The five-tier ladder a finding is rated on, each with a fixed penalty: info (0, advisory only) · low (5) · medium (12) · high (25) · critical (40). One active critical finding caps the whole aggregate score at ≤15; one active high caps it at ≤45.

Finding

A single result from a scan: one rule_id that fired, its severity tier, the file path and line range, and a quotable line of evidence. Findings are never silently deleted — a verified appeal annotates them with the outcome. See Finding evidence.

rule_id

The stable identifier for a detection rule, in the grammar SS-<CATEGORY>-<NAME>-NN (for example SS-HOOKS-RCE-CURL-PIPE-01). Every finding names its rule_id so the verdict is traceable to a documented rule on the live methodology page. Behavioral Agent Scan tests use a separate AS-NN grammar.

Evidence / evidence_excerpt

The matched-line window shown on a finding so you see the exact bytes that triggered the rule.

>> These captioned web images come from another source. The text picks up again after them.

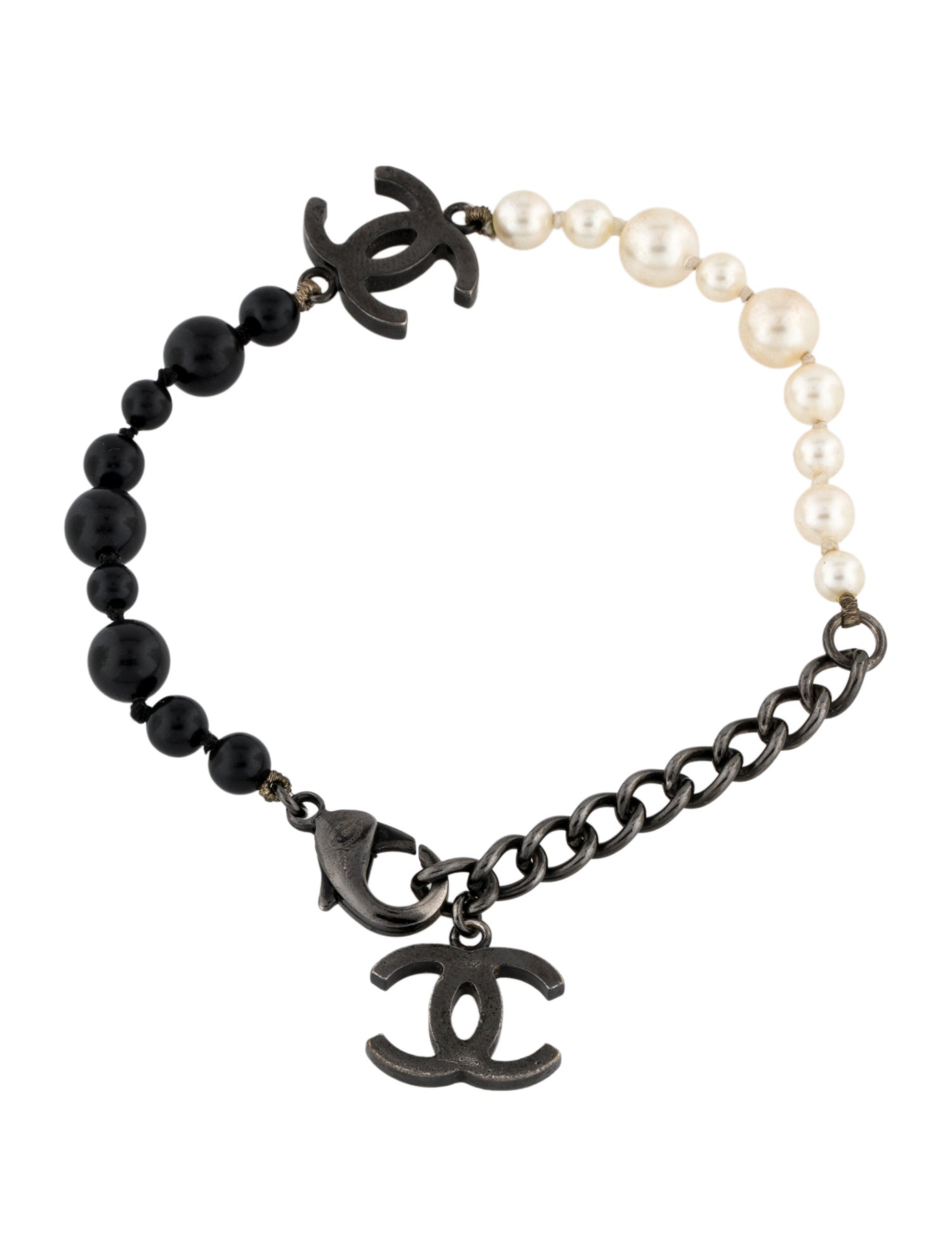 Chanel Faux Pearl CC Station Bracelet
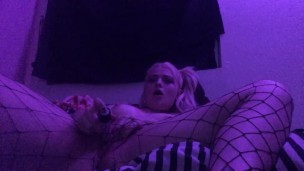 tiny blonde fucks herself on cam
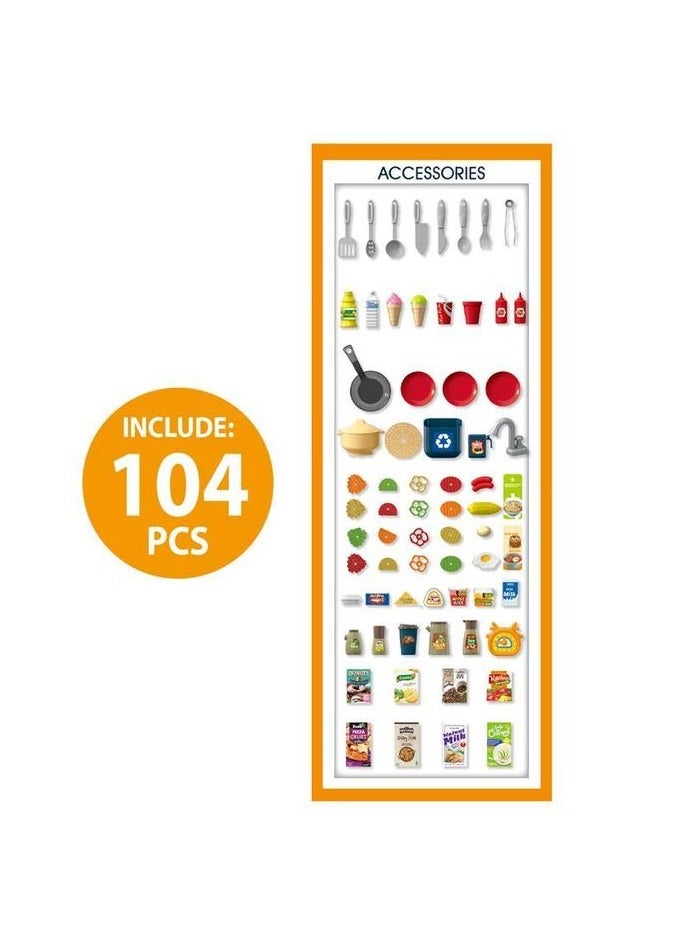 Kids Kitchen Toy Set – 104-Piece Pretend Play Food & Accessories – Large Size 54x22x101 cm – Indoor Play Sink with Lights & Steam Sounds – Realistic Cooking Fun for Toddlers – Valuable Gift - Image 5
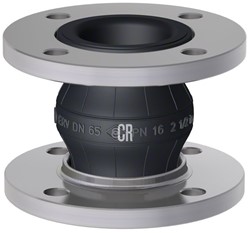 Elaflex Gummikompensatoren Typ ERV-CR DN65, L=130 mm Flansche DIN PN16 Stahl verzinkt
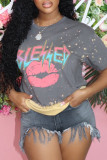 Pink Fashion Casual Print Basic O Neck T-Shirts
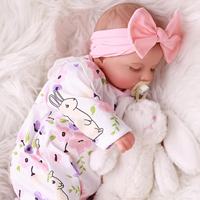 Poupées Reborn de 18 pouces, bébé réaliste endormi, corps en tissu, tête en vinyle, vente en gros d'usine, faible MOQ
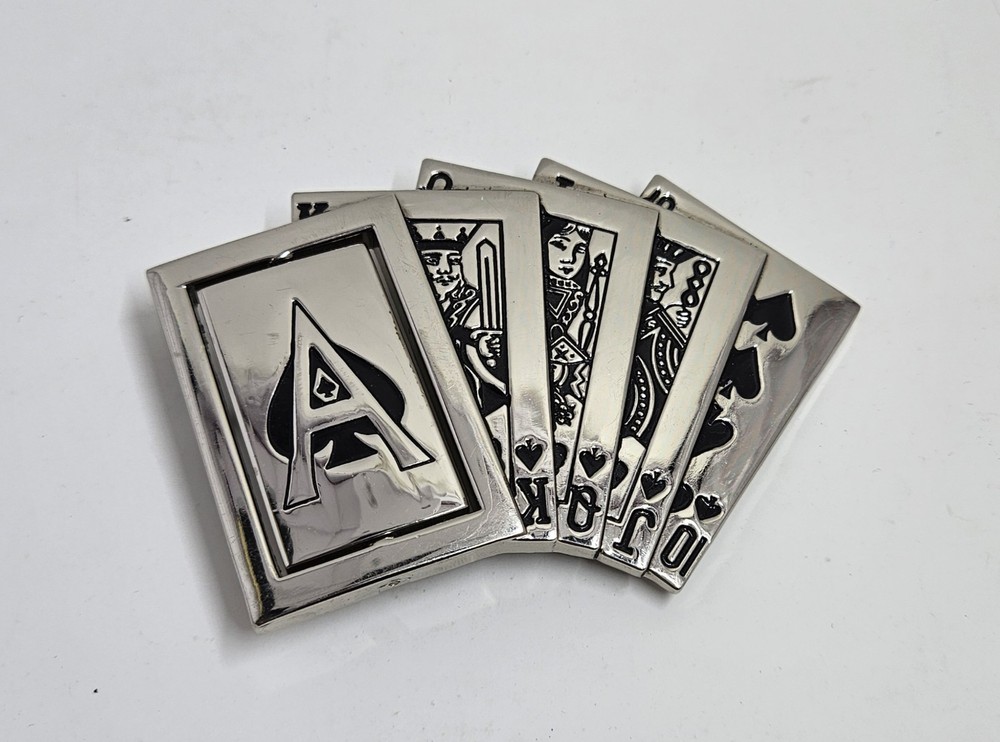 Casino playing cards silver belt buckle Royal Flush Poker belt buckle Ace Spins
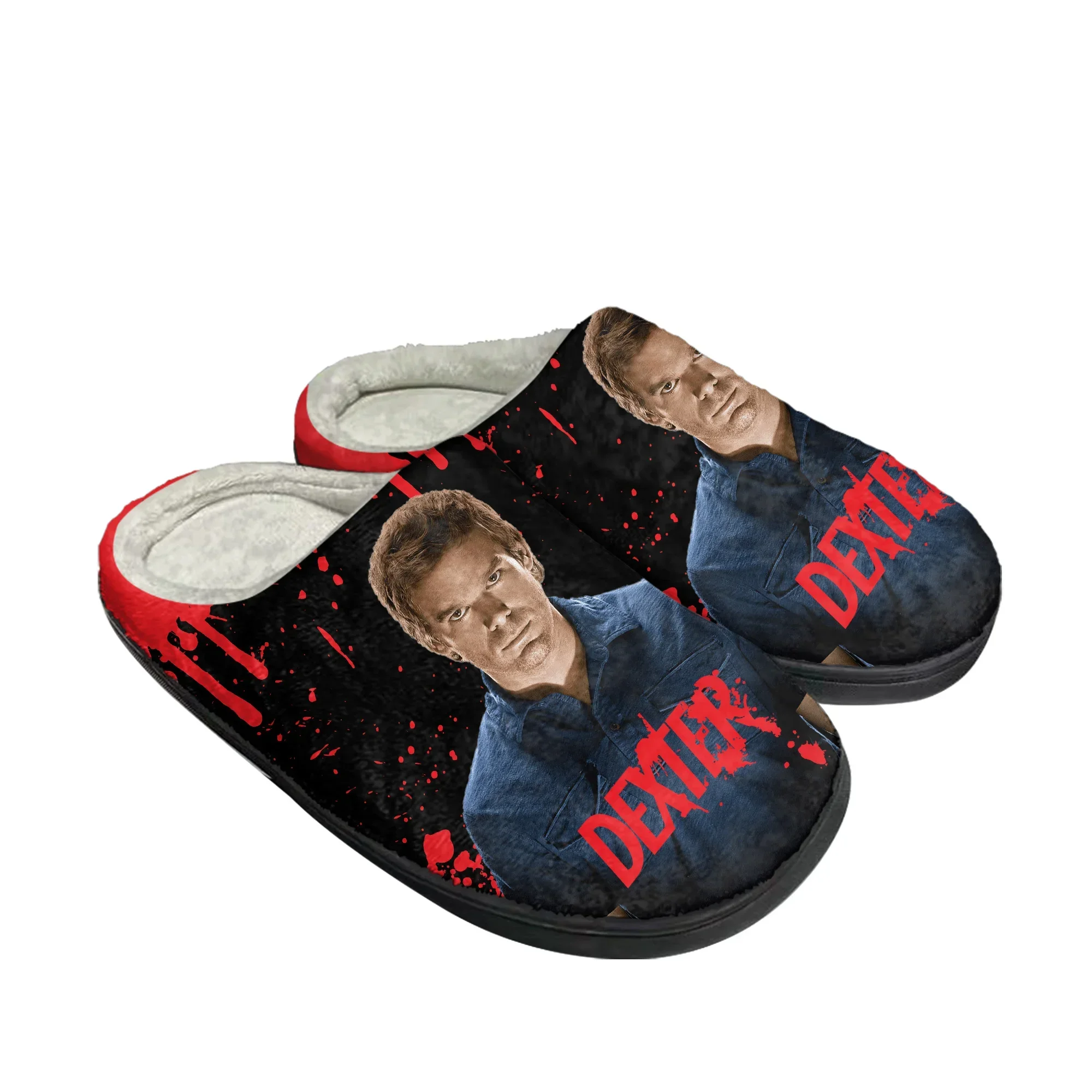 

Dexter TV Show Morgan Home Cotton Slippers Mens Womens Plush Bedroom Casual Keep Warm Shoes Thermal Slipper Customized DIY Shoe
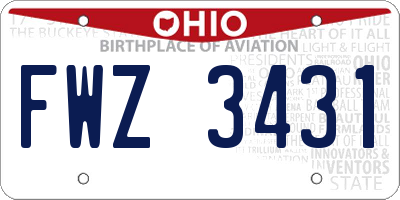 OH license plate FWZ3431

The evidence_excerpt is resolved at request time from the stored snapshot and lives only on the report — the persisted scan trace stores a hash of the matched content, never the raw payload. See Finding evidence.

Drift / rug-pull

A change in a capability’s content between scans — detected as a content-hash difference. A “rug-pull” is the malicious case: a trusted capability ships a poisoned update after it has earned installs. SaferSkills’ hash-drift rule (SS-MCP-SUPPLY-CHAIN-HASH-DRIFT-01) catches the change, though not the intent behind it.

Prompt injection

Untrusted content that the model reads as instructions, causing it to act against the user’s intent. Indirect prompt injection arrives via external content the model ingests — exactly what a skill body or an MCP tool description is. OWASP ranks it LLM01:2025, the top risk in the OWASP Top 10 for LLM Applications.

Tool poisoning

An attack specific to MCP servers: malicious instructions hidden in a tool’s description, invisible to the user but read by the model. Demonstrated by Invariant Labs (April 2025) and listed as MCP03:2025 in the OWASP MCP Top 10.

Agent Scan

A behavioral assessment of a whole running agent — as opposed to a static component scan of files. It grades how an agent behaves against a pack of behavioral tests (AS-01 … AS-22) run against mock tools only, with zero real side effects. See Agent Scan.

Right-of-reply

The vendor appeal channel: a verified repository owner can publicly respond to a verdict, and a verified appeal triggers a re-scan with a one-hour response SLA. Findings are annotated with the appeal outcome, never silently removed. Uploads (no repo to verify) have no right-of-reply.

Scan run

One scan of a repository, which discovers and scores every capability it contains and rolls them up into a repo report. Each run records its ref_sha (the scanned commit, or content_hash_sha256 for an upload) so the verdict is reproducible.

rubric_version

The git SHA of the rubric/ rule set at the moment of a scan, stamped on every report alongside engine_version. Re-running the same rubric_version against the same bytes reproduces the verdict byte-for-byte, which is what makes SaferSkills deterministic and auditable. See How scoring works.